Work to be completed
All of the data that follows is to be written out exactly, with images excluded.

━━ Provided material ━━

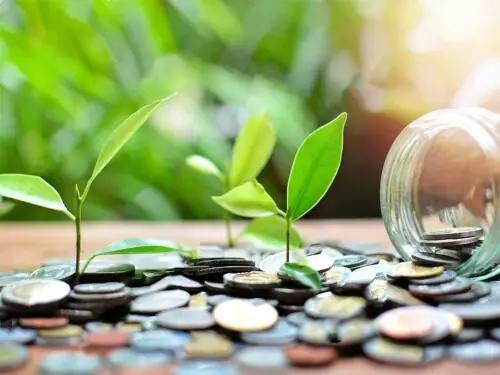 Rs476bn allocated for green equipment Rs476bn allocated for green equipment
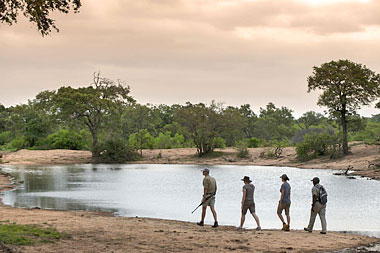 Safari Game Walks Waterhole Tanda Tula Field Camp Timbavati Game Reserve Luxury South African Safari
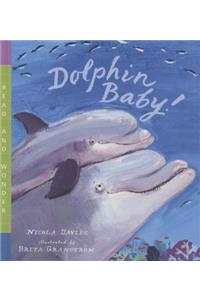 Dolphin Baby!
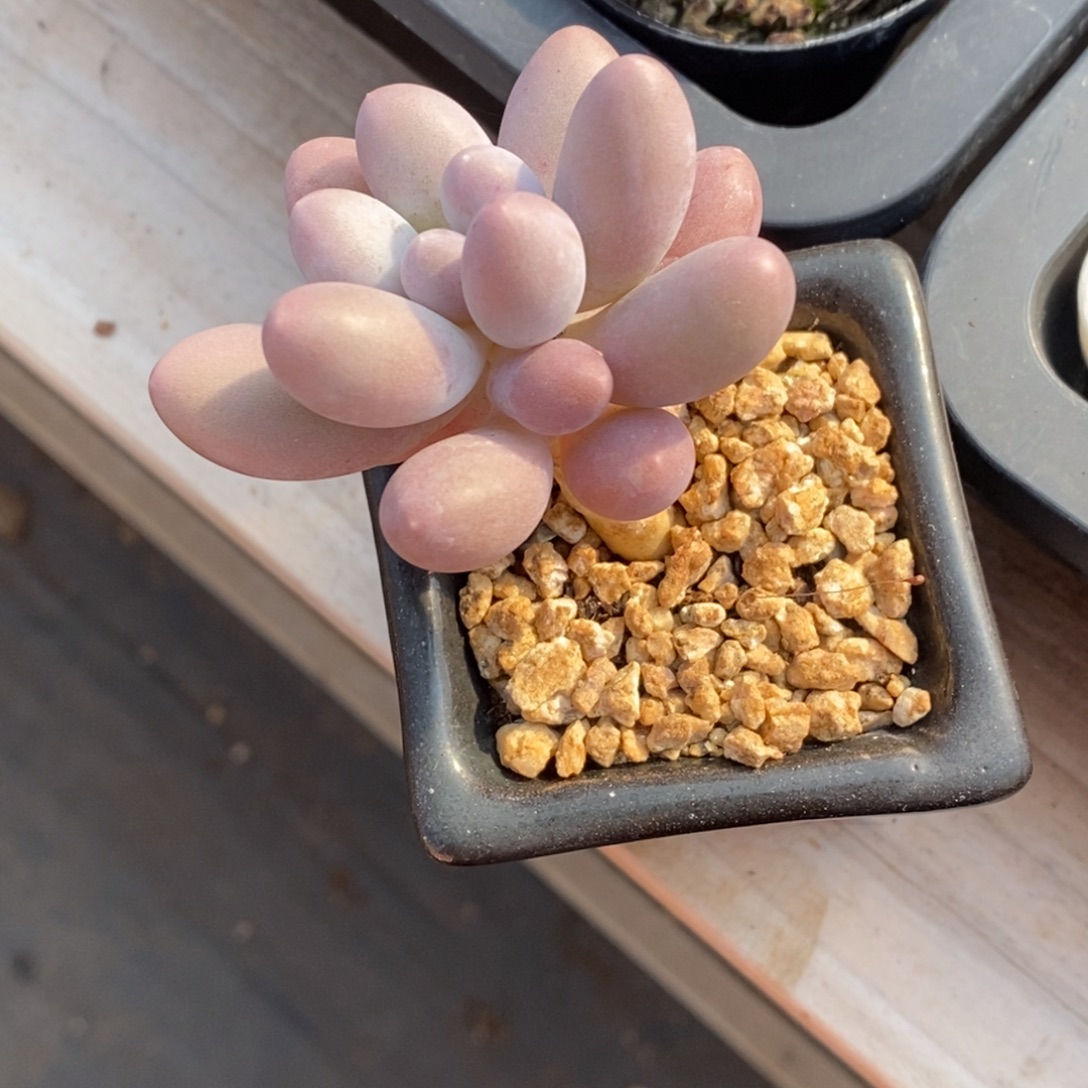 精品多肉一物一拍不包整387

━━━

Your solution
 Rs476bn allocated for green equipment Rs476bn allocated for green equipment
 Safari Game Walks Waterhole Tanda Tula Field Camp Timbavati Game Reserve Luxury South African Safari
 Dolphin Baby!
 精品多肉一物一拍不包整387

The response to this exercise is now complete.